She explained that any time she was frustrated at work or wishing that she was spending time on her passion project instead of sitting in conference calls and CLEs (can I get an amen?), her mind immediately responded:

You should just quit. This is too much. You don’t have enough time to do it all.

In the moment, those kinds of black and white thoughts are incredibly persuasive. They elicit such strong visceral reactions from us and strong feelings of hopelessness that it’s difficult to believe that they are not legitimate. However, surprisingly, sometimes those thoughts are simply just thoughts and there is no factual basis behind them.

Before we started exploring options for leaving her full-time position, I wanted to get clear on the facts.  I asked Claire to help me understand how she was spending her time. As we walked through a typical week, we got really clear on how much time she was spending on her side project, her grown-up job, acting as a mother and a partner, and moving.

At the end, it became clear to both of us that Claire was, in fact, getting it all done rather seamlessly. In addition, she rated her physical, emotional, and relationship health at 8, 9 and 10, respectively. Other areas of her life that she rated poorly, she reasoned was because she didn’t have enough time for them (e.g. she wanted more time with friends and more time for her passion project). However, as we explored her day-to-day activities, we realized that on most nights she wraps up by 6:00 PM, she gets to the gym three times a week, spends time with her boyfriend and her daughter every evening and over lunch breaks, and she was getting plenty of sleep.

So what was really the problem?

The problem was that she truly believed that she did not have enough time and she blamed that on her current job. As we worked through the session, we started to see that maybe those thoughts didn’t have a lot of factual support. Rather, we realized that by allowing her brain to demonize her job and marinate in thoughts of time scarcity, she was making herself miserable. In fact, at the end of our session she observed: I’m getting it all done I just don’t like the way that it feels.

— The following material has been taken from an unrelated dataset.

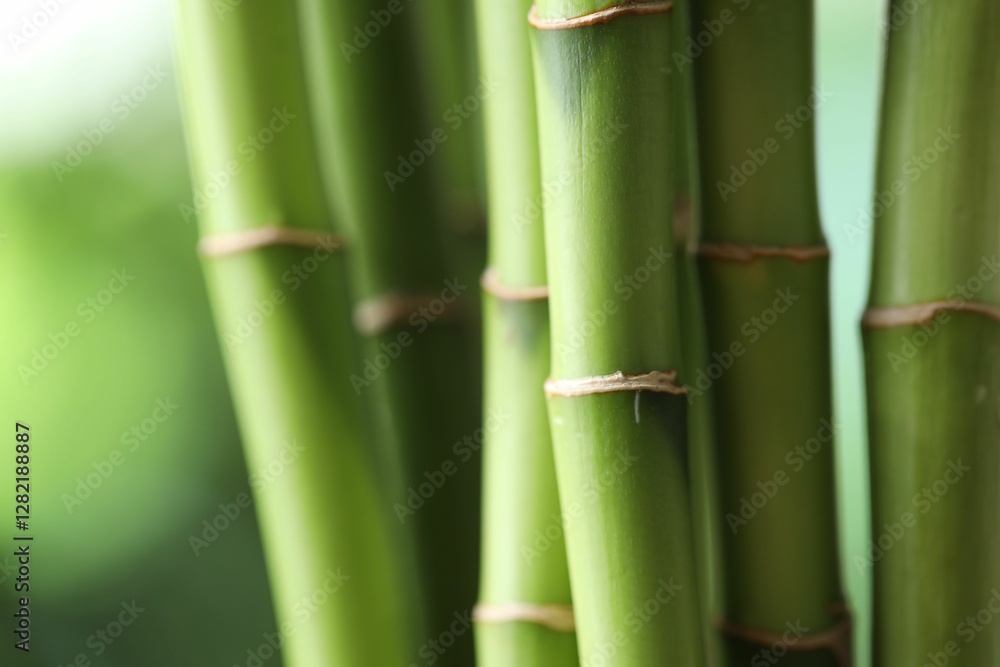 Decorative bamboo stems on blurred green background, closeup Decorative bamboo stems on blurred green background, closeup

Of course not! It feels terrible to believe that you don’t have enough time and you have to quit your job in order to make it all work. That is a frightening and stressful conclusion to carry around all day long. Rather, when Claire sat with the realization that she is getting it all done and is doing a good job, she was able to move out of the frustration cloud and start making different decisions about her days.

When you stop dragging hopelessness around with you all day long, you have a lot more energy to do all the other things you *think* you don’t have enough time for.

Claire realized that she was not going to be able to spend every day, all day working on her passion project while maintaining another full-time job but she also realized that she didn’t really want that. She didn’t want to quit her full time job and the faulty belief that she *needed* to in order to “have enough time” was freaking her out. Rather than living in her truth (I am a FT attorney with a side gig), she was choosing to live in a black and white world where her full-time job was the source of all of her woes: she had to do the passion project or the job but not both. Suddenly, she realized that if she snapped out of the funk and stopped ragging on her job every day, she just might find the emotional space to improve the other areas of her life that she felt were lacking.

How often have we chosen to believe that we can’t get it all done, that we’re failing, and that we just don’t have enough time?

How many times in your life have you taken the time to honestly explore the validity of those thoughts?

While there may certainly be times in our lives when priorities conflict and choices must be made, so many of us rush to believe we don’t have time, we can’t make it work, something has to give. That kind of either or thinking is terrifying and we often accept it automatically and without question. As Claire discovered, that kind of patterning not only makes you feel miserable but it can detract from the reality that you are in fact handling it all like a boss.

So what’s the answer to this time quagmire? Brutal honesty. Brutal honesty about where your time goes, what you want, and what you are capable of.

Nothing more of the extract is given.